Now some argued that objects in the solar system should be divided based on size. If so we have "large" objects that are in "hydrostatic equilibrium" (that is they are large enough that gravity forces them to be round). And we have smaller objects (which are generally lumpy-not round). All the traditional planets (including Pluto) would be "large". Also in this group would be Ceres, the largest moons of the solar system (including the Earth's Moon), and the largest TNOs. This list includes between 30 and 40 known objects and almost certainly includes dozens of objects yet to be discovered. This does not include the smaller asteroids (that is all asteroids except Ceres and Vesta), comets, the smaller moons and the smaller TNOs. Vesta is generally considered too small to be in hydrostatic equilibrium; however whether it is or is not is debatable.

It seemed that a clear definition of the word planet was needed. The word has always been poorly defined. With the discovery of a TNO bigger than Pluto, the issue could no longer be avoided. A definition of planet was constructed that included all of the traditional planets, with the notable exception of Pluto, and did not include any other object in hydrostatic equilibrium (moons, Ceres, the handful of large TNOs).

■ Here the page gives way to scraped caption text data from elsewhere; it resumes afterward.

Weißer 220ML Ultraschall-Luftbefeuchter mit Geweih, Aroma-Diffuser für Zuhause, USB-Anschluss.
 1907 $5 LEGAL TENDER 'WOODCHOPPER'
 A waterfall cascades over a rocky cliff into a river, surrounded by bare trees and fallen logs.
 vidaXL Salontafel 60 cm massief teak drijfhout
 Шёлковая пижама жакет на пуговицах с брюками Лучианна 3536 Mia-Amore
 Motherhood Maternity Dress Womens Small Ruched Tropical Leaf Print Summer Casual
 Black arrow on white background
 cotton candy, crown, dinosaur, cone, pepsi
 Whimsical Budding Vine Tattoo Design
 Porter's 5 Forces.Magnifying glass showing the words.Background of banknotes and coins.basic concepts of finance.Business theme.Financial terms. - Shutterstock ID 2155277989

The definition essentially says a planet must be in hydrostatic equilibrium, and it must be the dominant gravitational object in its vicinity. This cuts off Pluto (which is under the influence of Neptune) and the other TNOs (which are under the gravitational influence of other TNOs). It cuts off Ceres (which is under the influence of Jupiter and other asteroids), and it cuts off moons (as each is under the influence of its parent body). Objects that are not planets would be called a moon if they were in a clear orbit around another object, or a dwarf-planet if they are large enough to be in hydrostatic equilibrium, not a moon, and didn't dominate their environment gravitationally. Both Pluto and Ceres are considered dwarf-planets. Vesta is probably not a dwarf-planet. This definition was adopted by the International Astronomical Union (IAU) in 2006.

An alternate argument for excluding Pluto goes as follows: Pluto is very different than rocky planets (such as Earth and Venus) and it is very different than the gas planets (such as Jupiter and Saturn). Pluto is best described as a "dirty snowball" and as such is very similar to Kuiper-Belt objects. In fact it makes sense to say that Pluto is a Kuiper-Belt object.

Note, not everyone is happy with the IAU definition...

For more reading, here are some Wikipedia articles on the topics in this post....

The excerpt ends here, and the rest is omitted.